Lesson 1: The chain rule: introduction

# Identifying composite functions

AP.CALC:
FUN‑3 (EU)
,
FUN‑3.C (LO)
,
FUN‑3.C.1 (EK)
Review of composite functions and how to recognize them. This is a valuable skill when approaching the Chain Rule in calculus.

## Want to join the conversation?

• Can't anything be considered a composite function?
• Well, yes, you can have u(x)=x and then you would have a composite function. In calculus, we should only use the chain rule when the function MUST be a composition. This is the only time where the chain rule is necessary, but you can use it whenever you want, technically.

Example - d/dx(3x+2). Clearly, the answer is 3, but we could use the chain rule:
u(x) = 3x
v(x) = x+2
d/dx(3x+2)=d/dx[v(u(x))])=1*3=3.
So the chain rule is usable but completely unnecessary.
• So at Sal said:
"So this would be cosine of u of x plus one." //where u of x is equal to sin(x)
But couldn't we say that u of x is equal to (sin(x) +1)?
Why did we leave the "1" out?
Or do we get to choose?
• At Sal states "I also want to state that there's oftentimes more than one way to compose ..."

So, yes you could choose to set u(x) = sin(x) + 1.

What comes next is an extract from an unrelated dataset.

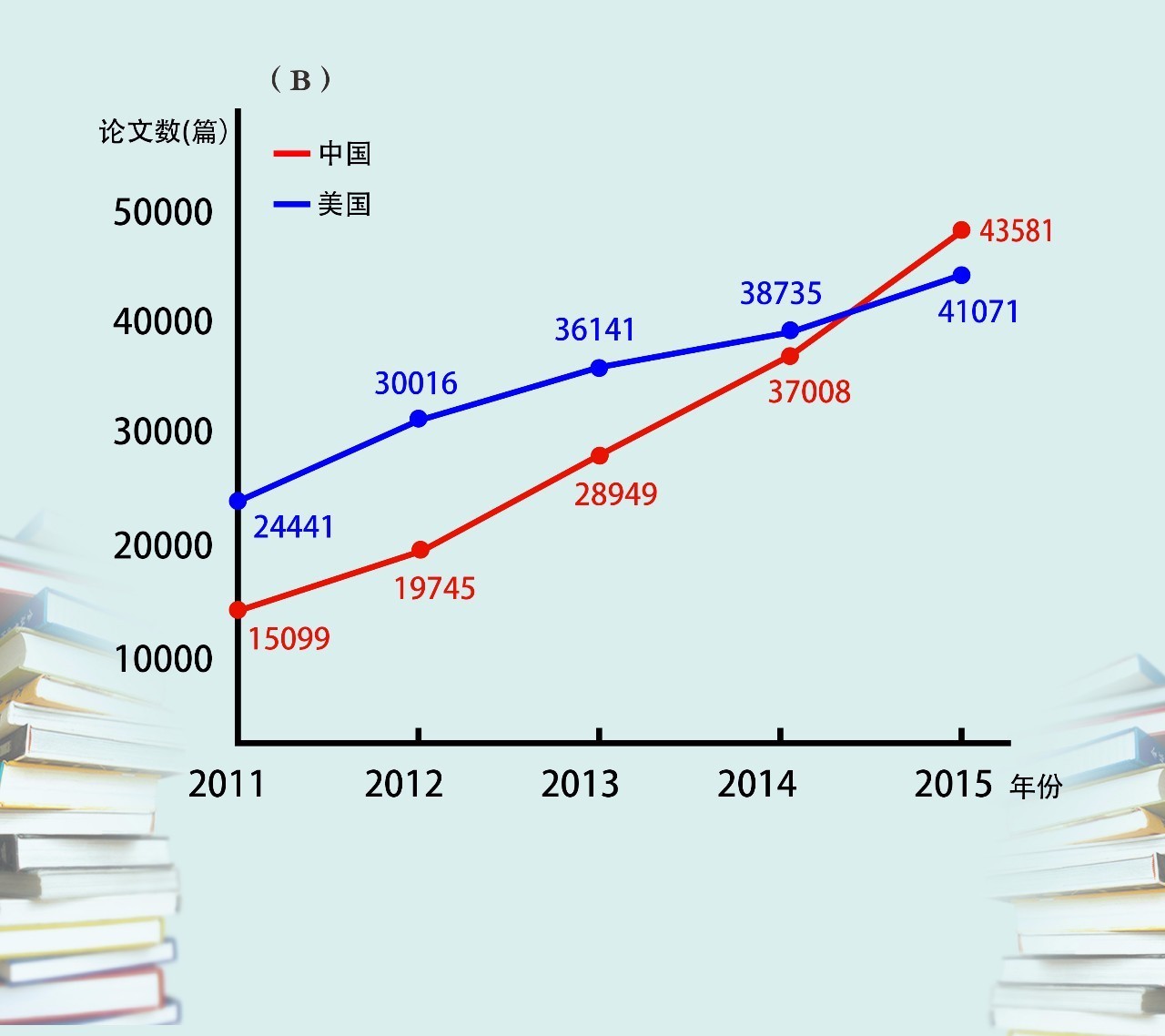 曾培养3位中国院士，日本教授加入中国高校！科学界掀起赴华浪潮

Try determining the derivative both the way Sal shows and this other way — you will find that you get the same answer.
• Hi... anything can be a composite function and chain rule can be applied but when is a function NECESSARILY a composite function?

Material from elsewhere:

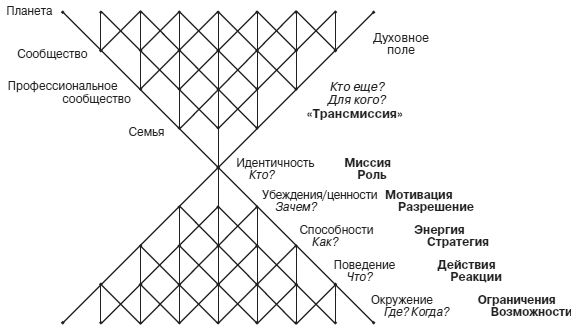 Роберт Дилтс, Джудит Делозье - НЛП-2: поколение Next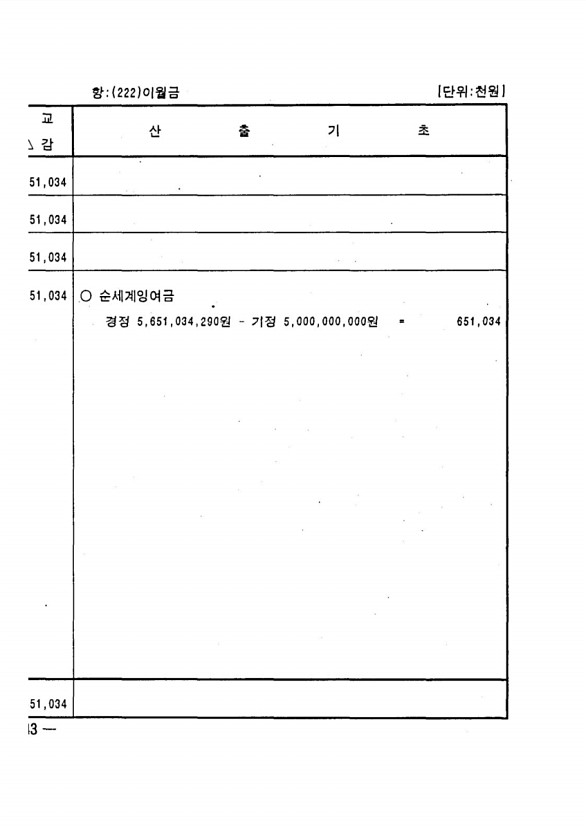 966페이지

• Well, a function is necessarily a composite function when you can't simplify it with known simplification techniques to arrive at a function comprised of a single function (a lot of functions have alternate definitions that you can use for simplification/complication later in your math education, like the link between exp(x) and trig functions). For example, (x^2)^2 isn't necessarily a composite function because with simplification, you can end up with x^4, which is a single function. Something that is necessarily a composite function is something like ln(sin(x)), which you can't simplify with elementary techniques to end up with a single function.
• say we have w(u(x)) we can take d/dx of this using the composite rule formula which it becomes
w'(u(x)) * u'(x)

But since this example starts talking about situations where you can use three functions at instead of two, how would you find the derivate then?

if g(x) = h(w(u(x))
does d/dx of g(x) become
= h'(w(u(x))) * w'(u(x)) * u'(x) ?

I did some working out and have seen that it can not and it seems that it becomes:
=h'(w(u(x))) * u'(x)

Without the middle term I had above w'(u(x))
I don't understand why I thought it should be in there. Is this correct? What is the proper way to think about the chain rule with more than 2 functions involved in the composition?
• You were right the first time, why did you decide it was: h'(w(u(x))) • u'(x)?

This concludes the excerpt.